I’ve seen statistics that 14% of all greenhouse gases come from livestock, methane in particular from cows. And contrary to what you’re thinking, apparently most of it comes out of their mouths, not the other end. And perhaps interesting to those of us in favor of a natural grass-only diet for our meat, pastured cows emit even more methane than those in CAFO’s (Concentrated Animal Feeding Operations) that pump them full of grain and other byproducts their rumens are not designed to handle. But in the end, it’s a question of quantity, a need for quantity that has led to a sharp decline in quality, both of the meat and the lives of the animals we raise for it.

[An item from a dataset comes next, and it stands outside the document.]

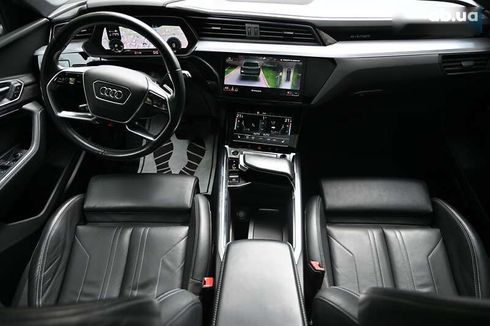 Audi E-Tron 2020 - фото 6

Ann and I are in the process of taking something of an inventory of our consumption and becoming more connected to the production that feeds us. The other night over a chicken sandwich at a local burger joint, we tried to estimate how many chickens we are typically indirectly responsible for killing each year. Note, we used to eat a lot of chicken, considering it the “healthier choice,” but since Ann developed an aversion to it during pregnancy and we signed up for a Marin Sun Farms meat CSA, we’ve only eaten it a few times since we’ve been back in the US) Typically, my go-to meal when it was my turn to cook dinner was always chicken breasts, rice and broccoli. In fact, maybe once a month, I’d BBQ up 6 full chicken breasts so we’d have them in the fridge for lunches. Let’s say we get “credit” for the rest of the chickens accounting for several meals spread out over the month in the form of hot wings to go with a beer, shredded chicken in tortilla soup or chopped chicken in a burrito. Not even counting the occasional rotisserie chicken from Whole Foods or chicken sandwich out at a bar, that’s 6 chickens a month. Seems like a lot all of a sudden doesn’t it? That’s 72 a year for the two of us!

As soon as we started to put that in the context of what would be involved in raising them ourselves our thinking immediately shifted; Instead of thinking about how delicious chicken burritos are, we thought about how many chickens it might seem reasonable for us to “take” for our own nutrition. What’s your number? We settled on feeling okay about 2-3 chickens for the two of us, maybe roast one on a Sunday and eat leftovers that week, BBQ another mid month and maybe break another one down for chicken soup or fajitas. There, we cut our chicken consumption by more than half (and 24 a year still seems like a lot!). Maybe the grass fed, pasture raised, “humane” model of meat production would seem a little more viable and appealing if everyone took a similar look at their food.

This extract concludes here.